Choosing Lighting Setup For Skateboard Photography

Choosing Lighting Setup For Skateboard Photography

 

Having on/off camera lighting setup for skateboard photography is not as essential as having the camera and lenses. You can take great photographs without it. Some photographers don't use it at all. However, on some occasions when you really need to get a shot and daylight is not enough or there is no light at all - you'll need the help of artificial external lighting.

Words and photography: Maksim Kalanep

There are several ways you can have the scene lit up - with continuous light or flash. Since you ideally want to travel light and be able to manage everything on your own having a big setup is not the way to go. Also when on location there is no access to electricity plugs. So just those two points cancel out the continuous lights straight away. These are usually big, heavy, very expensive and require a constant power supply.
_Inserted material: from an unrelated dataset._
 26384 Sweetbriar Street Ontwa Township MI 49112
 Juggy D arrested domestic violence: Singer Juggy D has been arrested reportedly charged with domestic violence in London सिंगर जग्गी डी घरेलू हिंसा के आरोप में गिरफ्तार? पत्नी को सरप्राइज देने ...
Flash units can be bulky and expensive as well. Some of the professional options require a constant supply of electricity as well. Luckily there are compact and affordable ones available on the market too. This is what we are looking for - small, light and powered by AA batteries or small battery packs. However, that is just part of the setup. We need portable and very light stands as well. And compatible triggers too. Plus batteries and charger.


Compact Flash Units

Let's start with the flash units first, also called strobes or speedlights.
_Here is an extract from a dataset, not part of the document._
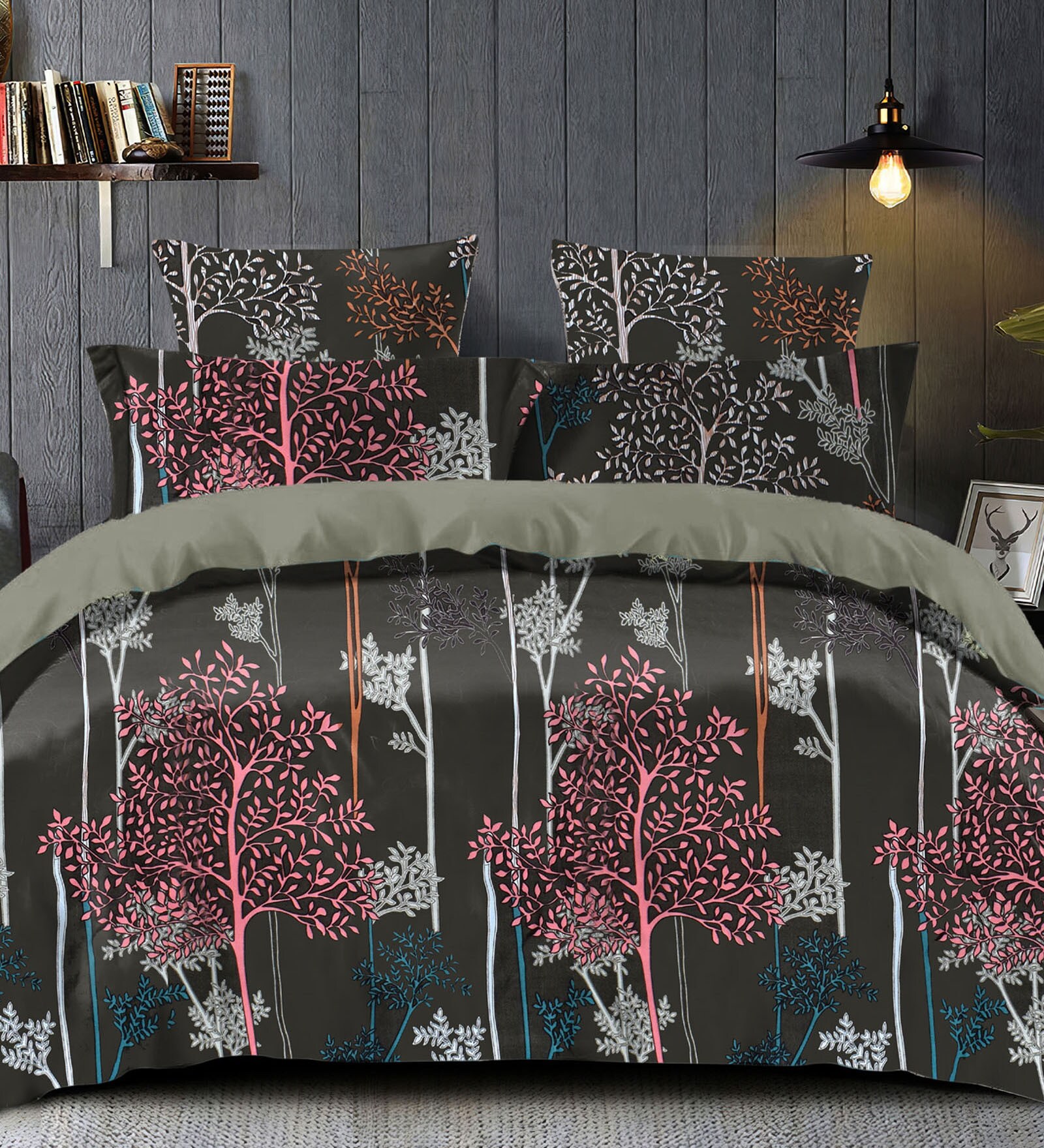 Black Floral 190 TC Poly Cotton Queen Sized Bed Sheets with 2 Pillow Covers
The way the cameras are designed - most of them can synchronise with on/off flash units at the maximum shutter speed of 1/250th sec. That is due to the shutter mechanism. Camera shutter has two curtains - one opens up and exposes the sensor then second follows after a set time and covers the sensor. And 1/250th sec is the maximum setting when the entire frame is fully exposed in one go - first curtain is open and the second hasn't started its movement yet. So if you flash at this moment the entire frame will get light at once. However, at any shutter setting above 1/250th sec - curtains move one after another right away leaving just a small space between them exposing the sensor in a strip by strip way. So if you flash then - part of the shot will get that light and the rest will be just a black strip. That is partly because the flash duration is not long enough and finishes before the curtains finish their movement or alternatively flash and shutter release are not in perfect synchronisation above 1/250th sec.

Why is that important? It is crucial since 1/250th sec is not enough to freeze any movement. You need at least 1/1000th sec or higher to get a crisp result. So when you try and set the shutter to 1/1000th sec and sync that to off camera flash units - you get a ruined shot. We can't use the setup this way for action shots.

To solve this we can use flash duration instead of shutter speed. So you can have 1/250th sec set in a camera and use the flash as a freezing tool - not the shutter speed.

Flash duration or the amount of time the flash is active is not constant and depends on the power output. Usually, the less power in battery powered flash units means the faster flash duration and vice versa. Most strobes or speedlights will give you a very quick flash duration when they are set to 1/4 of the power or less. That works great indoors, in dark conditions and in shade areas where daylight can't over power strobes. So that is ideal for most situations where you would really want to use on/off camera flash to brighten up your subject. Using this setup in a bright daylight would be difficult since portable flashes are not powerful enough.

Strobes designed to give you full power and fast flash duration at the same time do exist as well, but these are very expensive, quite bulky and hard to buy in Europe. Look for Lumedyne Action Packs.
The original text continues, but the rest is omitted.